WORK REQUIRED » Beneath this line are entries. Copy the range from the line with "Black|ID: prp329100004067327 ipo3291000000027535384" to the line with "Переходник Choetech USB-C", ends included, exactly; leave pictures out.

THE DATA »
——————————

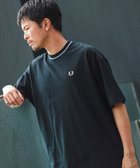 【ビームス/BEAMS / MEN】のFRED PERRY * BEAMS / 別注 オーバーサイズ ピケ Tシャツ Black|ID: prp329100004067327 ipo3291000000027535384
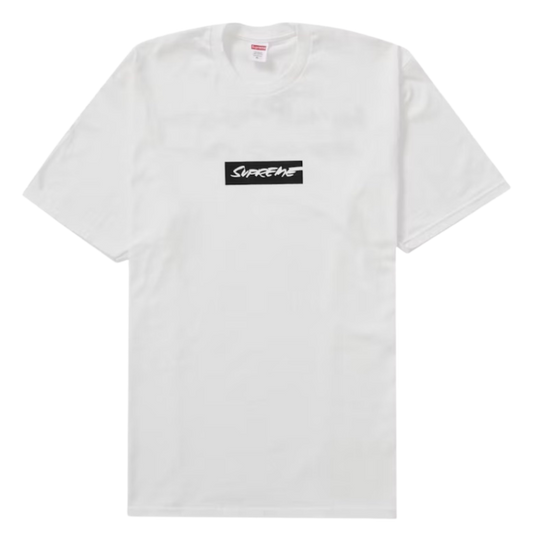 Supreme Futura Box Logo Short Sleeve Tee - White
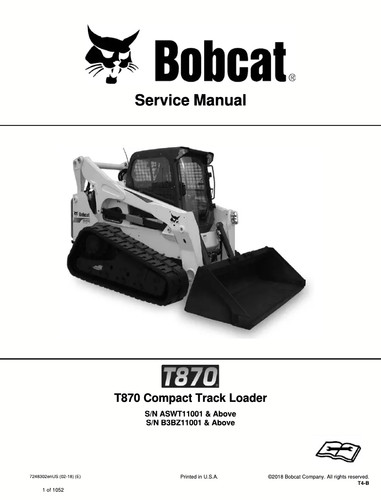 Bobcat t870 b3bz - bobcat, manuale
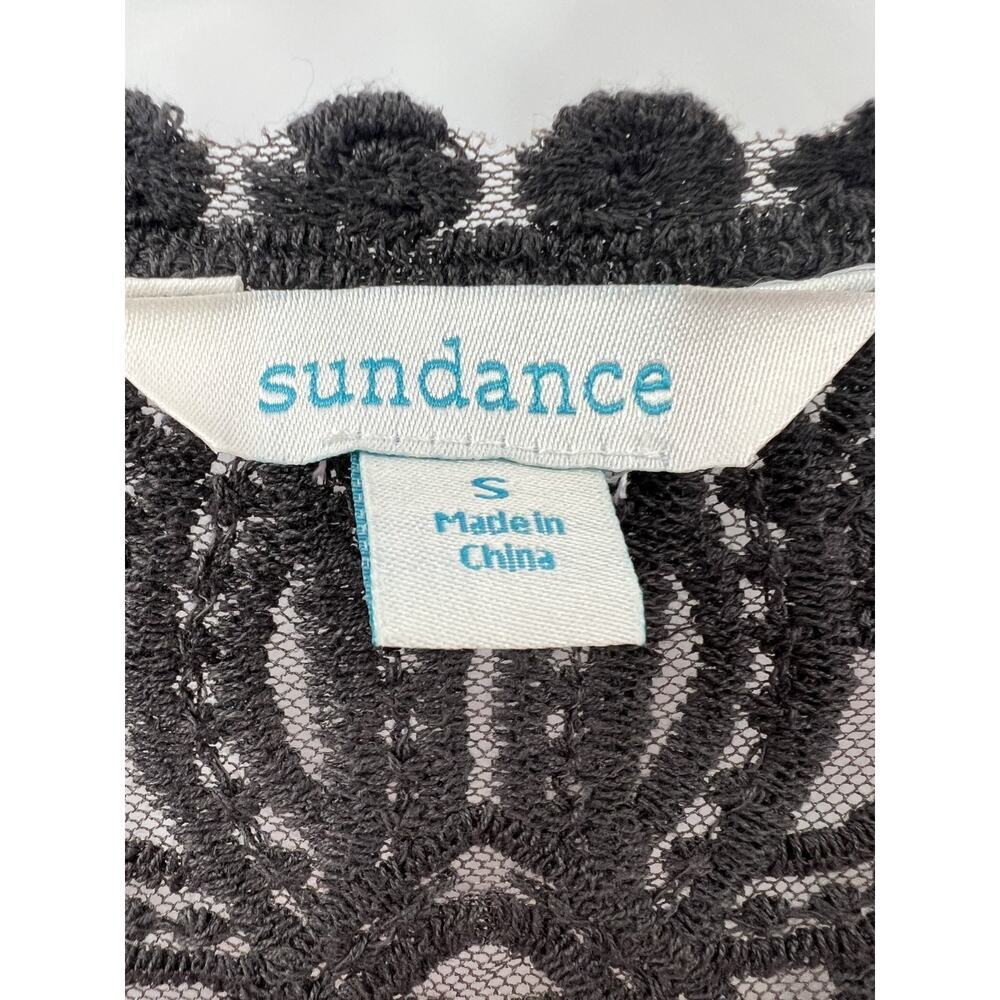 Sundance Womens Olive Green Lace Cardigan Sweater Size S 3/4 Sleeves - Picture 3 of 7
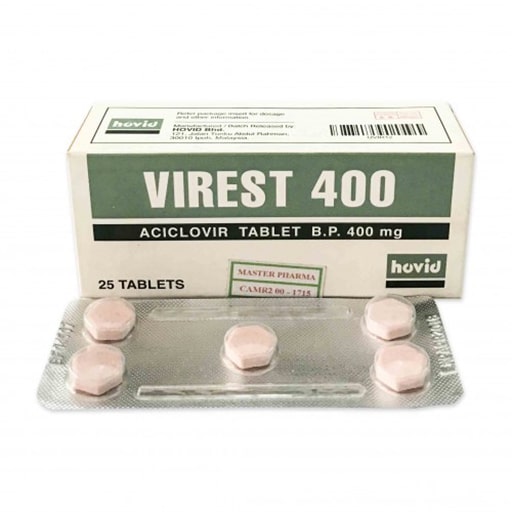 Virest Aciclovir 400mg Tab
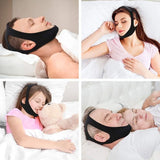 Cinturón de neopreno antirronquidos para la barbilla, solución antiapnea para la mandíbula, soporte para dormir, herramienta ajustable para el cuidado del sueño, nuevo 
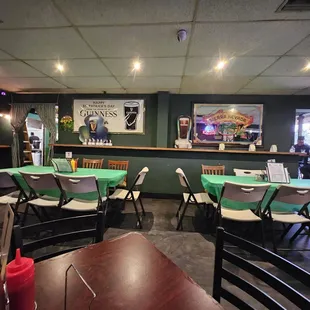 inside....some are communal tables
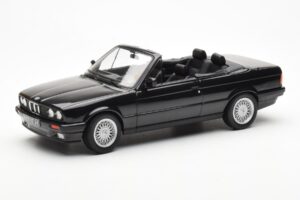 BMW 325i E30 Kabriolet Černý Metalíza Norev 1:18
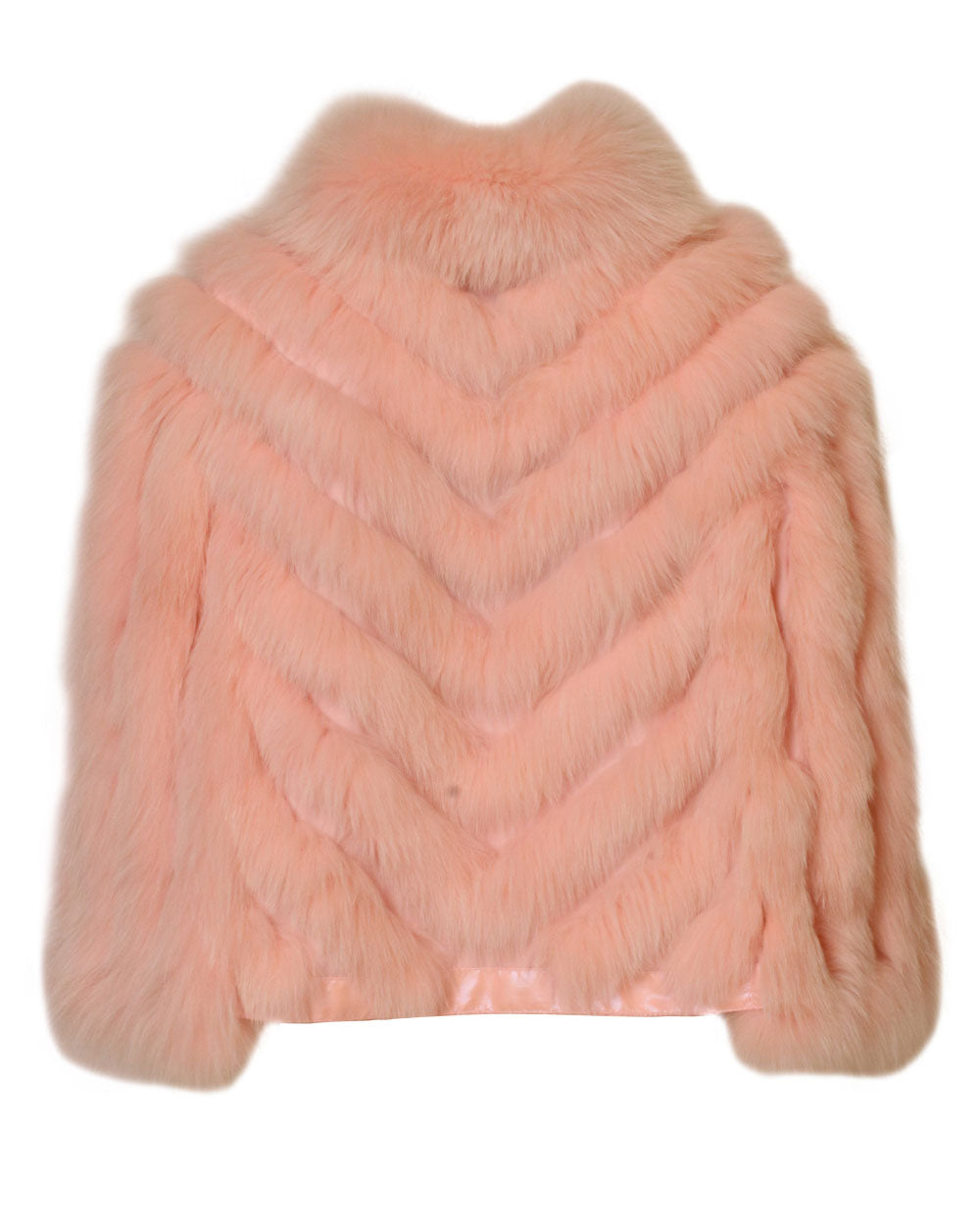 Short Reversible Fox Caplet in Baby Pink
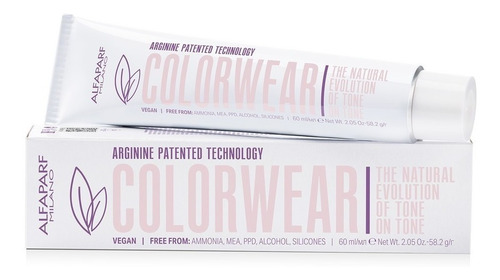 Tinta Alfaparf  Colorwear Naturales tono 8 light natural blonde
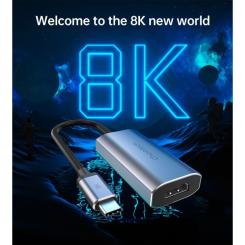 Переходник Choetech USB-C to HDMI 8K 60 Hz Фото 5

——————————

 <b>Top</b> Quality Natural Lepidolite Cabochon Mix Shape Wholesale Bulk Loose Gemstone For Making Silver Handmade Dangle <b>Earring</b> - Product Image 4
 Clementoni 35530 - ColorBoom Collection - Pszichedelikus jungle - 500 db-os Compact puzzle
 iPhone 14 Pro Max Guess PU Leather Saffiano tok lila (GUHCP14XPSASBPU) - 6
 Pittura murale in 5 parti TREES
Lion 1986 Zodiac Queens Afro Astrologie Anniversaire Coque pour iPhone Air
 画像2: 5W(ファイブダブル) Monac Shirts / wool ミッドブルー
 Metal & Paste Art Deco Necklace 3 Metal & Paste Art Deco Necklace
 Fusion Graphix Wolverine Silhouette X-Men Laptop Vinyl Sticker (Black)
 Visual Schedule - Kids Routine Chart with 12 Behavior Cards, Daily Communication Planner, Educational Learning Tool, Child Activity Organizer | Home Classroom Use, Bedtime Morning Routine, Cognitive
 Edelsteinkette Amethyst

——————————

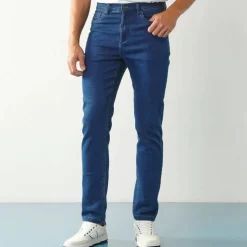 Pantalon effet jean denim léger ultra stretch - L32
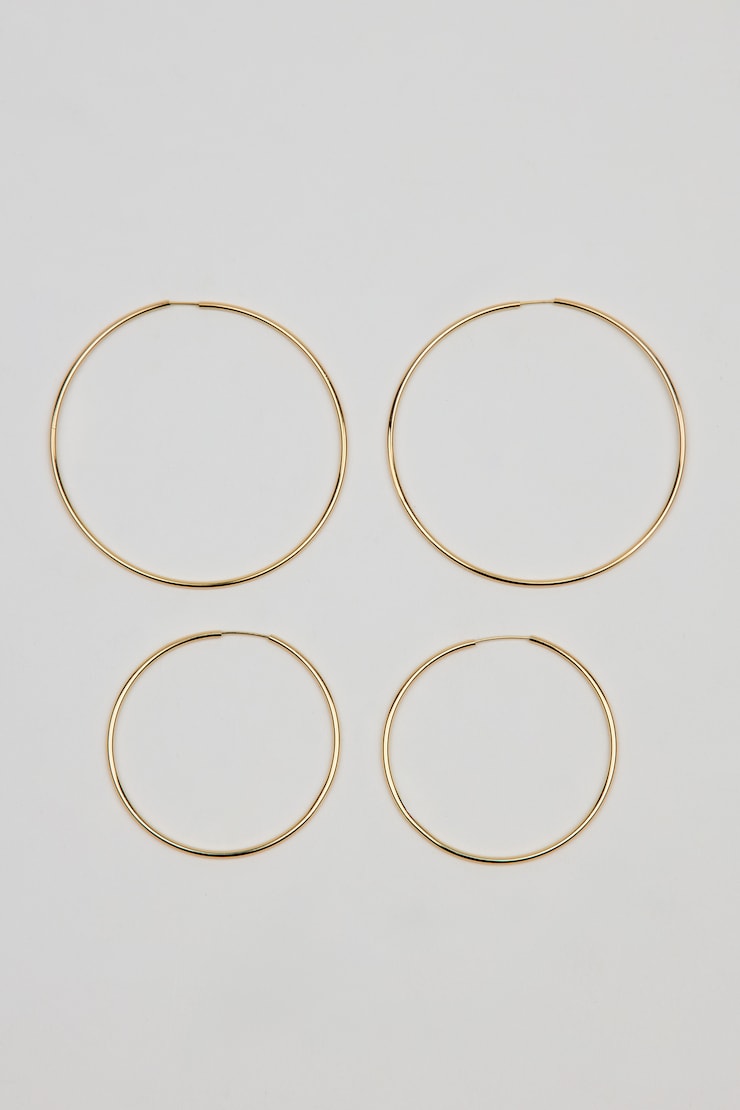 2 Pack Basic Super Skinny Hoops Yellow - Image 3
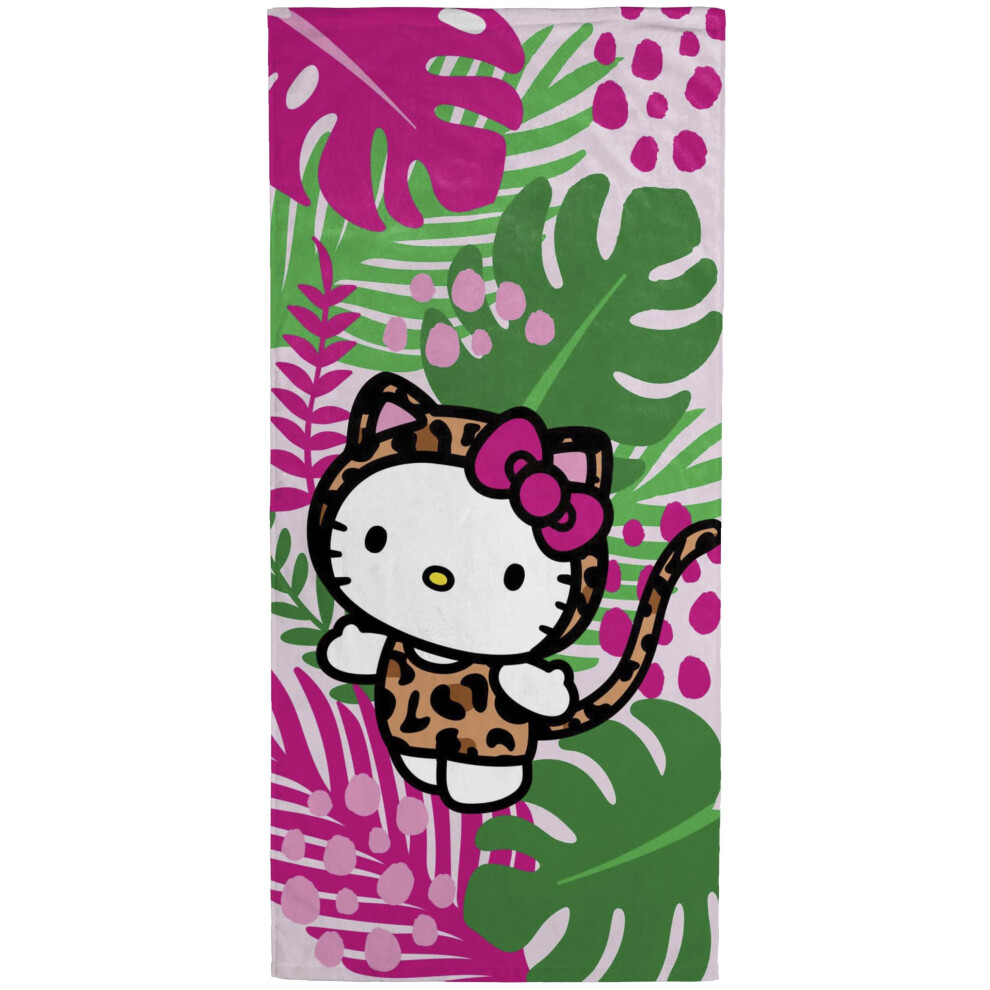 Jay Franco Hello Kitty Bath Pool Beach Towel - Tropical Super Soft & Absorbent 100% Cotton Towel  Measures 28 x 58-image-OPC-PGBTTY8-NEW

——————————

RESPONSE BOX »
 【ビームス/BEAMS / MEN】のFRED PERRY * BEAMS / 別注 オーバーサイズ ピケ Tシャツ Black|ID: prp329100004067327 ipo3291000000027535384
 Supreme Futura Box Logo Short Sleeve Tee - White
 Bobcat t870 b3bz - bobcat, manuale
 Sundance Womens Olive Green Lace Cardigan Sweater Size S 3/4 Sleeves - Picture 3 of 7
 Virest Aciclovir 400mg Tab
 Cinturón de neopreno antirronquidos para la barbilla, solución antiapnea para la mandíbula, soporte para dormir, herramienta ajustable para el cuidado del sueño, nuevo 
 inside....some are communal tables
 BMW 325i E30 Kabriolet Černý Metalíza Norev 1:18
 Short Reversible Fox Caplet in Baby Pink
 Tinta Alfaparf  Colorwear Naturales tono 8 light natural blonde
 Переходник Choetech USB-C to HDMI 8K 60 Hz Фото 5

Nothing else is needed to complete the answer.